= WHAT THE EXERCISE ASKS =
Among the lines of the data, copy those that hold "Curtain".

(Collection entries)
******************************

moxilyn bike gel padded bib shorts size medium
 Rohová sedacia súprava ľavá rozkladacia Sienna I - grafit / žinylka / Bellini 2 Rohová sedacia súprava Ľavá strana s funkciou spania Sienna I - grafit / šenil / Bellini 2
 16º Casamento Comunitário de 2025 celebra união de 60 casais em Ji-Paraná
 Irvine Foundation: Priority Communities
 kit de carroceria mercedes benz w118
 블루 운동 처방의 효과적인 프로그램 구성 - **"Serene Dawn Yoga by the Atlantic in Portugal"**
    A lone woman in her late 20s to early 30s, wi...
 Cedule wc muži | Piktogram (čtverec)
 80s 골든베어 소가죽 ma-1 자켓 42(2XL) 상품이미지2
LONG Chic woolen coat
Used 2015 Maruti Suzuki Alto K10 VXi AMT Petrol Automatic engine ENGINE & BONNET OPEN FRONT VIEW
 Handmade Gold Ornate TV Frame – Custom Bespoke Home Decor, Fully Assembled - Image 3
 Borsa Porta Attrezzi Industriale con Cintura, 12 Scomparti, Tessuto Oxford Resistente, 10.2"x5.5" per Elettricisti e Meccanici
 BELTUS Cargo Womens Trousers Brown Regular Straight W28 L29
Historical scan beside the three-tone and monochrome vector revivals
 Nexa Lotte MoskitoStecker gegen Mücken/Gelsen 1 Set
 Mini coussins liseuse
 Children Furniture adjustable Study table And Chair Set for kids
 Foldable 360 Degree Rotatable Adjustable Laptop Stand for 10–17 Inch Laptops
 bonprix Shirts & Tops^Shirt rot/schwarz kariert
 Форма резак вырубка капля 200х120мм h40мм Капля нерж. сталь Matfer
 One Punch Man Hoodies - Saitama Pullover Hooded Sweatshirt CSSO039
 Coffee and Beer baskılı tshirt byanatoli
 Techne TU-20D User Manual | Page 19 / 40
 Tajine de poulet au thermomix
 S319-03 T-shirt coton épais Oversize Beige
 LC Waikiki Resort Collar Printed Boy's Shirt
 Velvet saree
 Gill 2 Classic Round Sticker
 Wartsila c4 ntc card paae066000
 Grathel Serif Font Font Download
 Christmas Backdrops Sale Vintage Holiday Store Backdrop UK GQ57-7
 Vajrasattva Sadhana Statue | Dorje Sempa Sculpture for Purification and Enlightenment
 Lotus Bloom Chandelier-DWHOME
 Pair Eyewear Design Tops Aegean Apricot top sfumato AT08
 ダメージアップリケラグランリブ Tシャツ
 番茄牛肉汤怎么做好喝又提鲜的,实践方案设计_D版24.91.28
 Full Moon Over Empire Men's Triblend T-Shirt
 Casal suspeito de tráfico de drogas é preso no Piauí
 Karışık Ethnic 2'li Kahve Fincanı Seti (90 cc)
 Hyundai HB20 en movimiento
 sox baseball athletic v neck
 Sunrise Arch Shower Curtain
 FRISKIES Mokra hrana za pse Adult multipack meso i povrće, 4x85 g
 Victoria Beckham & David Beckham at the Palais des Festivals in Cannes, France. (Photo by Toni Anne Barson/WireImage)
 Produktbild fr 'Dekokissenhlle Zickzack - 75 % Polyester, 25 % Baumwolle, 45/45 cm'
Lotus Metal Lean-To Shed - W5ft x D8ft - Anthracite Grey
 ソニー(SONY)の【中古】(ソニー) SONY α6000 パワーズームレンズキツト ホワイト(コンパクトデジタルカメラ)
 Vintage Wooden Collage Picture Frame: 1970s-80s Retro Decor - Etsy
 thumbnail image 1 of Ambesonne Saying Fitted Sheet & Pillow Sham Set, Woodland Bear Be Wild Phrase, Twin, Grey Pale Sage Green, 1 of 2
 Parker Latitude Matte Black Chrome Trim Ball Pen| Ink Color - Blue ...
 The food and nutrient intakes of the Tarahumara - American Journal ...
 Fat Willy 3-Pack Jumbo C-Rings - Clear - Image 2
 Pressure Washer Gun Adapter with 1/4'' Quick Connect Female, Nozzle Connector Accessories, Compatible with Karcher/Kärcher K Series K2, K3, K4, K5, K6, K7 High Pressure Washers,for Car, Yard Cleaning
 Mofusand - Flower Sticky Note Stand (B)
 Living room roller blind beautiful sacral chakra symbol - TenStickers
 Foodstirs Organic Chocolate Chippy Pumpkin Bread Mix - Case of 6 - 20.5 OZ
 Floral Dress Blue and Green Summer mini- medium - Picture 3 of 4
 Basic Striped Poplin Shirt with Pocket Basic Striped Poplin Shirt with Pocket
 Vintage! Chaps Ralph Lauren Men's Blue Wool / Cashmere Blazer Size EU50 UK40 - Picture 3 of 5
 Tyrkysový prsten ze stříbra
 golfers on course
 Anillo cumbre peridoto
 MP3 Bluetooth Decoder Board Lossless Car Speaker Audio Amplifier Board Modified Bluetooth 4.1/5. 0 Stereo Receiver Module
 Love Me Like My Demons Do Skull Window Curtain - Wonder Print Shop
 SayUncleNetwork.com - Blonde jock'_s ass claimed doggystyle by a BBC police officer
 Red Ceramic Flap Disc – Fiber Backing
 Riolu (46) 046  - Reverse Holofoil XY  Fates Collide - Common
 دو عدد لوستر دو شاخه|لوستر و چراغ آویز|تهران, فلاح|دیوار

******************************

= EXPECTED ANSWER =
 Sunrise Arch Shower Curtain
 Love Me Like My Demons Do Skull Window Curtain - Wonder Print Shop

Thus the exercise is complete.